Fa ammal-yatīma fa lā taq-har (QS. 93:9)

English Sahih:

So as for the orphan, do not oppress [him]. (QS. [93]Ad-Duhaa verse 9)

Arti / Terjemahan:

Sebab itu, terhadap anak yatim janganlah kamu berlaku sewenang-wenang. (QS. Ad-Duha ayat 9)

Tafsir Ringkas Kemenag
Kementrian Agama RI

Dengan karunia Allah yang demikian agung itu, maka berbuat baiklah terhadap anak yatim dan janganlah engkau berlaku sewenang-wenang kepadanya, seperti mengambil hartanya, menghardiknya, dan menyakiti hatinya.

Tafsir Lengkap Kemenag
Kementrian Agama RI

Sesudah menyatakan dalam ayat-ayat terdahulu tentang bermacam-macam nikmat yang diberikan kepada Nabi Muhammad, maka pada ayat ini, Allah meminta kepada Nabi-Nya agar mensyukuri nikmat-nikmat tersebut, serta tidak menghina anak-anak yatim dan memperkosa haknya.
Sebaliknya, Nabi Muhammad diminta mendidik mereka dengan adab dan sopan-santun, serta menanamkan akhlak yang mulia dalam jiwa mereka, sehingga mereka menjadi anggota masyarakat yang berguna, tidak menjadi bibit kejahatan yang merusak orang-orang yang bergaul dengannya. Nabi Muhammad bersabda:
Aku (kedudukanku) dan orang yang mengasuh anak yatim di surga (sangat dekat), seperti dua ini (dua jari, yaitu telunjuk dan jari tengah).(Riwayat at-Tirmidhi dari Sahl bin Sa'ad)
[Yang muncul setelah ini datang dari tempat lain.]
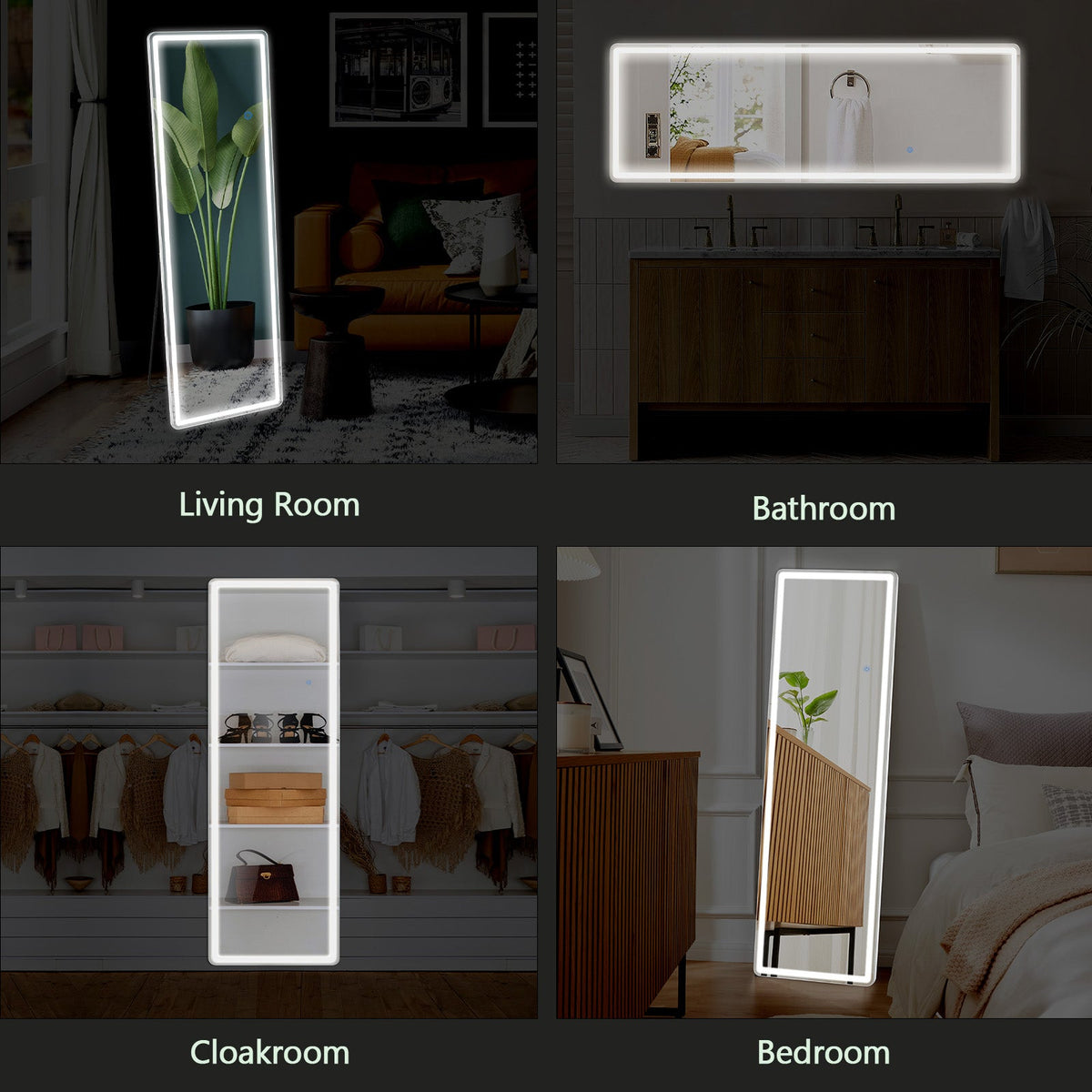3-Color LED Full-Length Mirror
Barang siapa yang telah merasa kepahitan hidup dalam serba kekurangan maka selayaknya ia dapat merasakan kepahitan itu pada orang lain. Allah telah menghindarkan Nabi Muhammad dari kesengsaraan dan kehinaan, maka selayaknya Nabi memuliakan semua anak yatim sebagai tanda mensyukuri nikmat-nikmat yang dilimpahkan Allah kepadanya.

Tafsir al-Jalalain
Jalaluddin al-Mahalli dan Jalaluddin as-Suyuthi

(Adapun terhadap anak yatim maka janganlah kamu berlaku sewenang-wenang) dengan cara mengambil hartanya atau lain-lainnya yang menjadi milik anak yatim.

Tafsir Ibnu Katsir
Ismail bin Umar Al-Quraisyi bin Katsir

Kemudian Allah Swt. dalam ayat selanjutnya berfirman:

Adapun terhadap anak yatim, maka janganlah kamu berlaku sewenang-wenang. (Adh-Dhuha: 9)
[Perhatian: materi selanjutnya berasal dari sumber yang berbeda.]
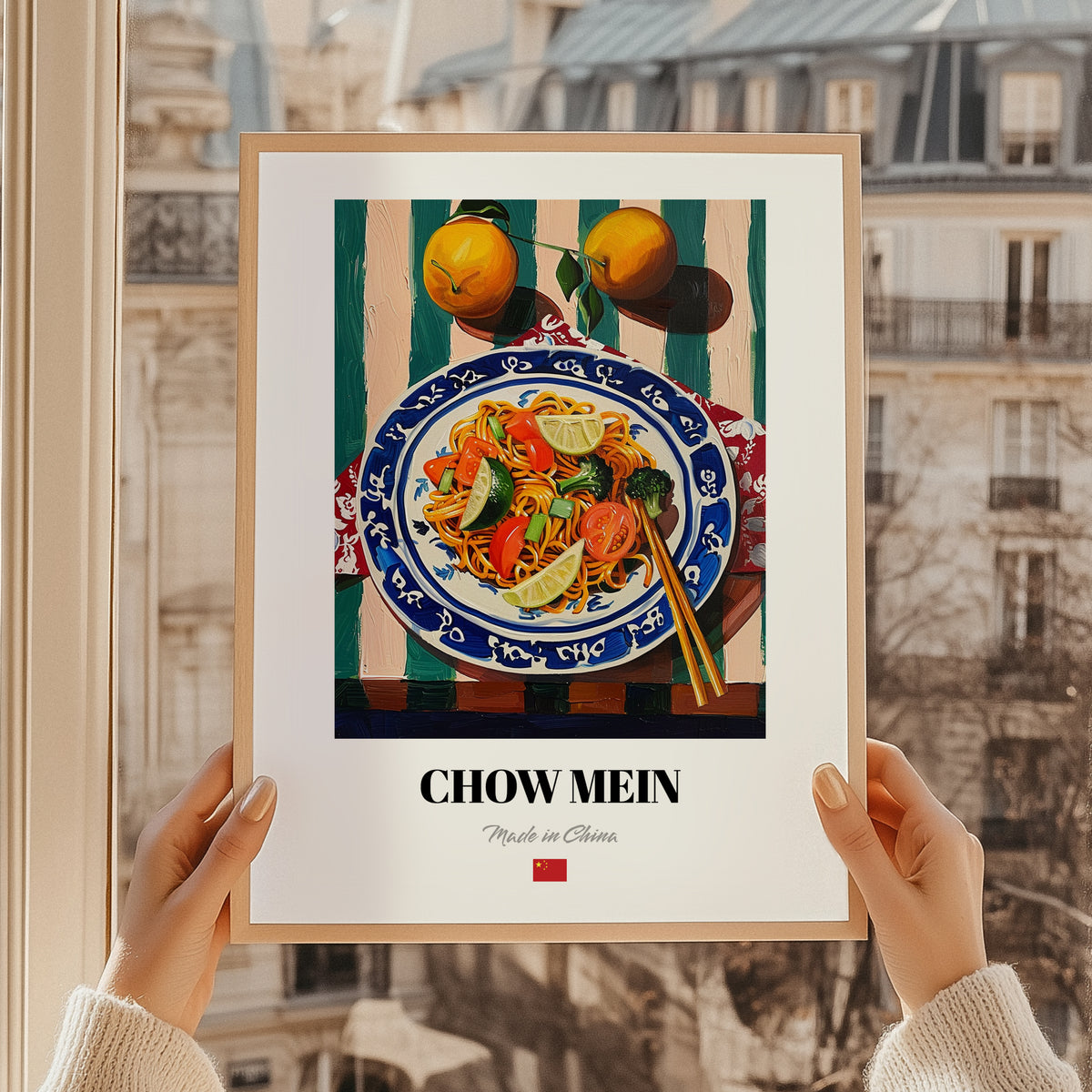 Chow Mein – Art, Chinese Food Still Life, styled in a charming Paris street view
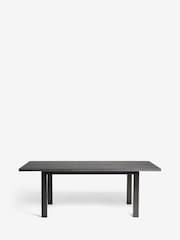 Black Bronx Oak Effect Rectangle 6 to 8 Seater Extending Dining Table - Image 8 of 9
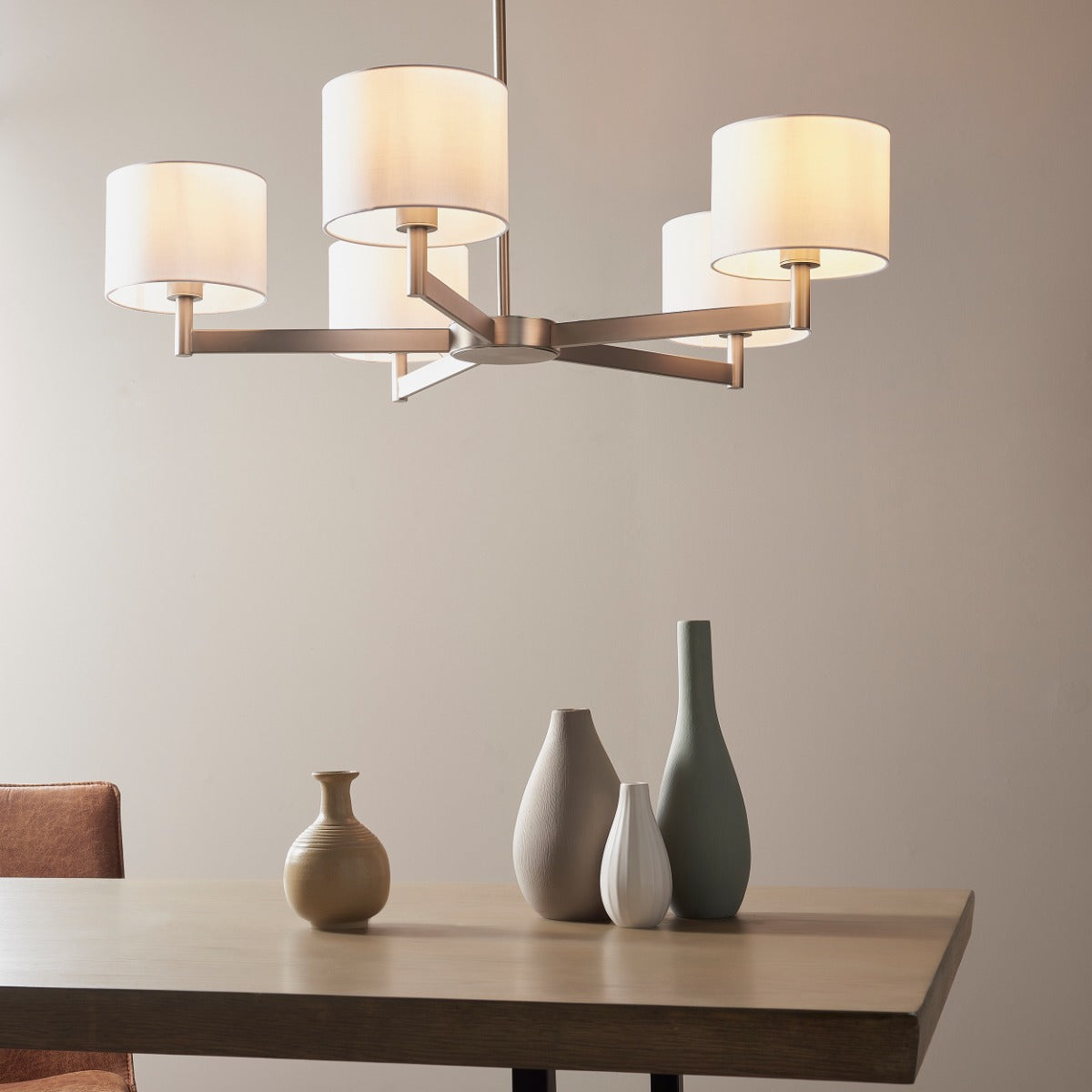 Novena Barrio 5 Light Pendant Light Matt Nickel Plate Taupe Fabric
Yakni sebagaimana engkau dahulu seorang yang yatim, lalu Allah melindungimu, maka janganlah kamu berlaku sewenang-wenang terhadap anak yatim. Yakni janganlah kamu menghina, membentak, dan merendahkannya; tetapi perlakukanlah dia dengan baik, dan kasihanilah dia. Qatadah mengatakan sehubungan dengan makna ayat ini, bahwa jadilah engkau terhadap anak yatim sebagai seorang ayah yang penyayang.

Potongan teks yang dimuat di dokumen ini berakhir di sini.